**YOUR TASK:**
The answer must consist solely of the lines below starting at the one containing "Alright, I want" and ending at the one containing "Hey guys, good", repeated exactly, with both ends included and all pictures omitted.

**SOURCE DATA:**
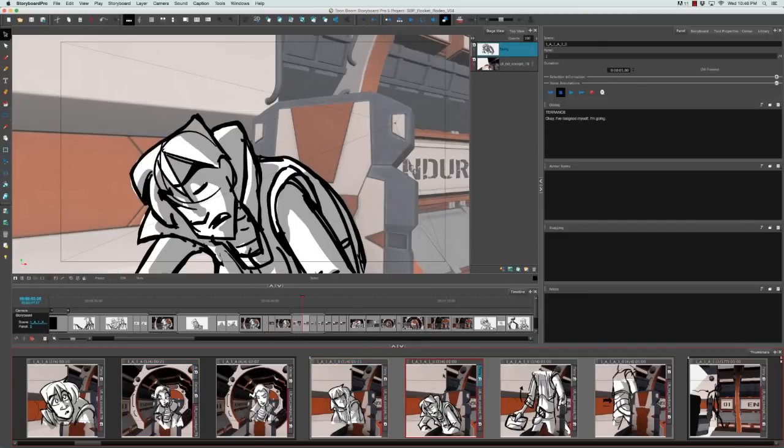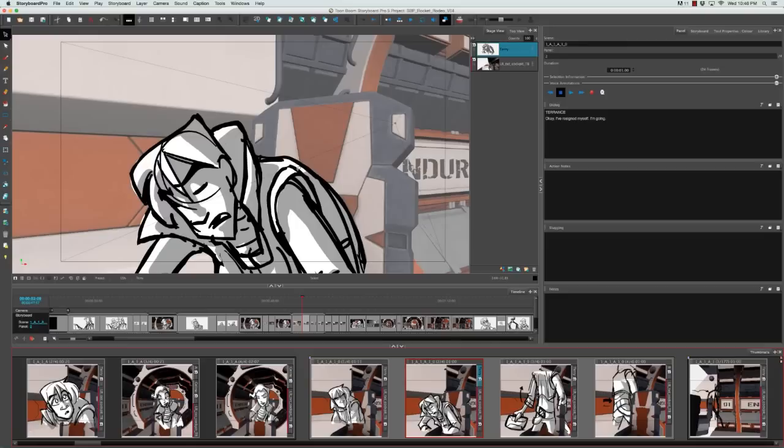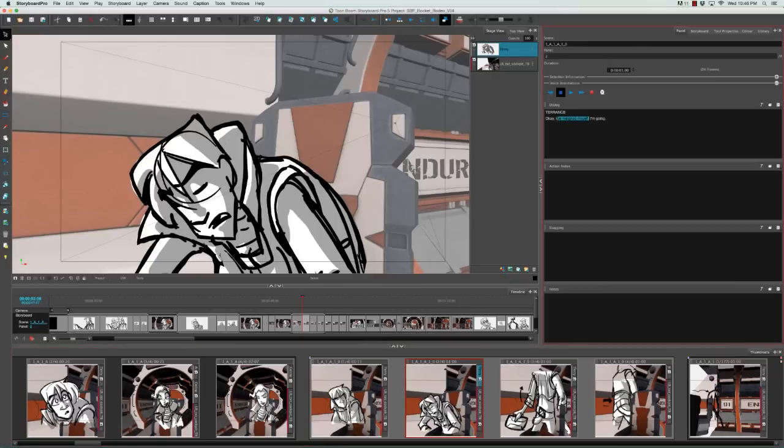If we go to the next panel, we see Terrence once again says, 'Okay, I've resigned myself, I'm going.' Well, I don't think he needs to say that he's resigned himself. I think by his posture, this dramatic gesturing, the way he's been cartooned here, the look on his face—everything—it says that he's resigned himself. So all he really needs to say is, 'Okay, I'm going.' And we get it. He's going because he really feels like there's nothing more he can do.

* * *

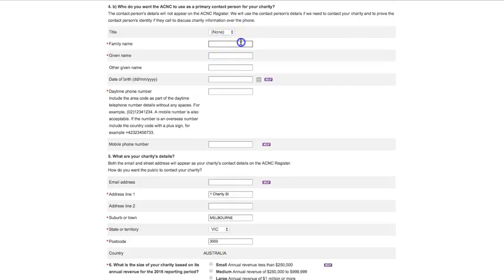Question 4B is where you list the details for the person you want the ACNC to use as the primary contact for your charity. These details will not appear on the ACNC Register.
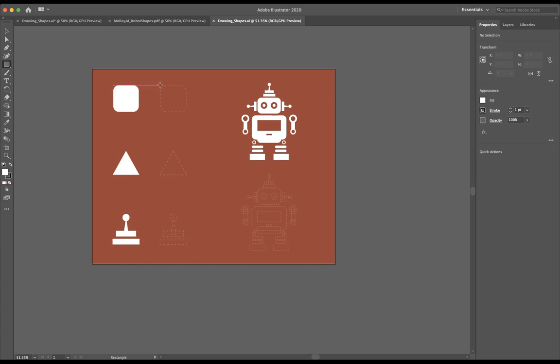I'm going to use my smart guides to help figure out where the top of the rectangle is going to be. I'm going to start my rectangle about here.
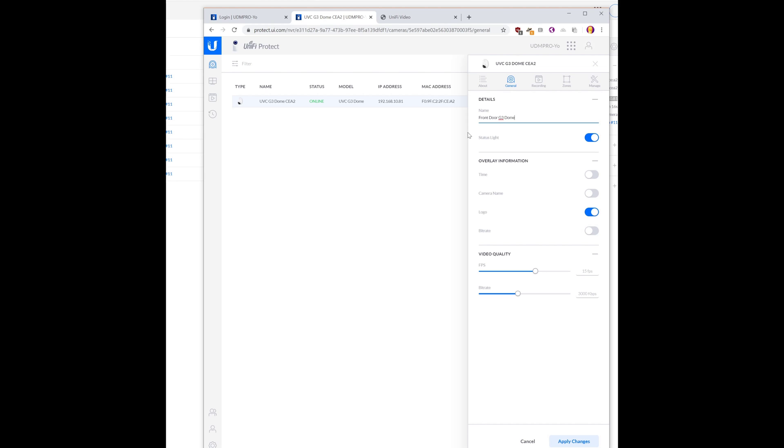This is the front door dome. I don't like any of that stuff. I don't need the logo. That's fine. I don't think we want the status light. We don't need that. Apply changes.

==

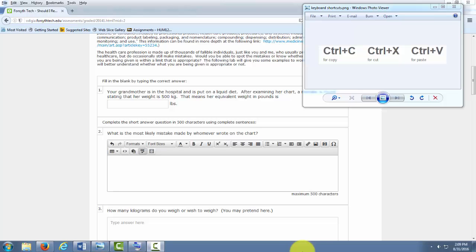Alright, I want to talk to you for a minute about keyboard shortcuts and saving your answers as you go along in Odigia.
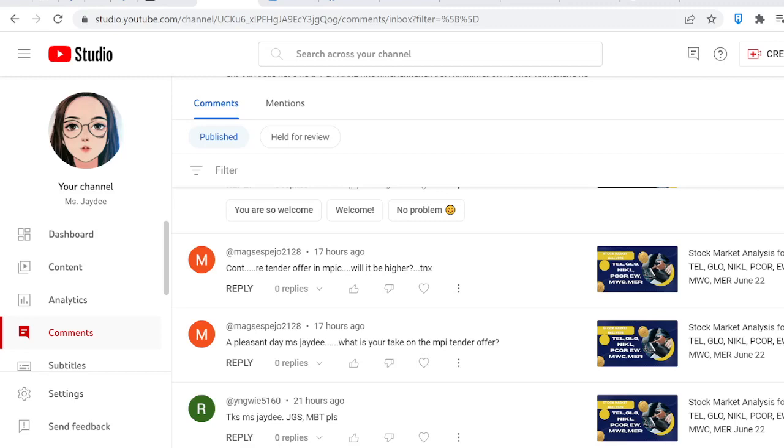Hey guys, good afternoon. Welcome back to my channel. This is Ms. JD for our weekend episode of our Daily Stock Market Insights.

**PROBLEM SOLUTION:**
Alright, I want to talk to you for a minute about keyboard shortcuts and saving your answers as you go along in Odigia.
Hey guys, good afternoon. Welcome back to my channel. This is Ms. JD for our weekend episode of our Daily Stock Market Insights.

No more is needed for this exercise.